L'Amstrad CPC, comme sans doute les autres ordinateurs 8-bit, n'était pas juste une machine de jeux, c'était une expérience.

Tout d'abord, même si l'on croyait avoir berné ses parents en prétendant vouloir un ordinateur pour apprendre l'informatique et non pour jouer, le fait est que ces machines sensibilisaient de gré ou de force au fonctionnement d'un ordinateur, à la programmation, et à l'informatique en général : lignes de commandes, BASIC, hexadécimal, bugs, cracks, copies (ah, les jeux incompréhensibles sans manuel), magazines spécialisés, différences entre les versions ZX Spectrum, Amstrad CPC et Commodore 64 d'un même logiciel... même si on n'avait eu que le jeu comme but initial, on se retrouvait forcément en avance au collège lors des premiers cours de la fameuse "informatique pour tous".

Ensuite, et c'est lié au point précédent, les jeux sur ordinateurs 8-bit n'étaient pas, comme les jeux sur consoles de salon, l'œuvre de game designers japonais s'inspirant des règles de l'arcade, mais celle d'informaticiens occidentaux ressemblant beaucoup à une partie du public de ces machines. Et donc, leurs jeux cherchaient davantage à tester des concepts parfois bizarres ou à concrétiser de vastes environnements abstraits plutôt qu'à reposer sur des bases de gameplay éprouvées : souvent, le codeur sur micro ne se souciait pas de son public, il explorait librement les possibilités offertes par son ordinateur, il jouait avec sa curiosité, son inventivité, son univers personnel, ses astuces de programmation et ses délires, et cela donnait parfois des choses merveilleuses.

"Sepulcri", de l'écossais Chris Sawyer (auteur de "RollerCoaster Tycoon", tout de même), est emblématique de mon vécu avec l'Amstrad.
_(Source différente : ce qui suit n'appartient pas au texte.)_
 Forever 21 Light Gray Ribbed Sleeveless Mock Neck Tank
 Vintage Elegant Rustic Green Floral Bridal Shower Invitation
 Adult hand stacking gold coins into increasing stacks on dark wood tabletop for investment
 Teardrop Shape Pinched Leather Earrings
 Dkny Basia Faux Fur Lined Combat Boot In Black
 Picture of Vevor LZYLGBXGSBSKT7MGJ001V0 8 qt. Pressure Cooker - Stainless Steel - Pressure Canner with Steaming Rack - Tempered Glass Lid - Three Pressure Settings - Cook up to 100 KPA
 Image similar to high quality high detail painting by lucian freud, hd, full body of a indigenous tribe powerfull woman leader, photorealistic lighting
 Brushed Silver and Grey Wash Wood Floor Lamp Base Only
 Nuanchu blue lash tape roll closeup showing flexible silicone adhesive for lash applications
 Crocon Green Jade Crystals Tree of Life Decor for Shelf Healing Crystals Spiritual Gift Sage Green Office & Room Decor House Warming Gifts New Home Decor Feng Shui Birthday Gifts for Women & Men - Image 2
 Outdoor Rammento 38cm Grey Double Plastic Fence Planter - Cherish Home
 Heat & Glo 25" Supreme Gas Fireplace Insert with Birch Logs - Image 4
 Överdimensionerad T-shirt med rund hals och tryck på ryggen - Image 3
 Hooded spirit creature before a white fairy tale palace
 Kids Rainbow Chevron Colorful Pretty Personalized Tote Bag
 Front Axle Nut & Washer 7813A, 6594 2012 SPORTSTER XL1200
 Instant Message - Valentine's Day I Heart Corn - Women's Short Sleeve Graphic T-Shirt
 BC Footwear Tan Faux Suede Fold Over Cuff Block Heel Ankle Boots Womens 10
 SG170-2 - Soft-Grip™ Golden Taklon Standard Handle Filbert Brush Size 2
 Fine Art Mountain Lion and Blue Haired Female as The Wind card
D'abord, comme l'essentiel de la ludothèque CPC, le jeu est un portage, cette fois-ci ne venant pas du ZX Spectrum, du Commodore 64 ou de l'arcade, mais du MTX de Memotech, un obscur et éphémère cousin du MSX ayant coulé sa compagnie à cause d'une transaction ratée avec l'URSS (ah, la guerre froide, toute une époque)... le portage a été amélioré visuellement par un graphiste, mais il est autrement presque identique à l'original ("Sepulcri Scelerati" sorti en 1985, "Sepulcri" sort l'année suivante).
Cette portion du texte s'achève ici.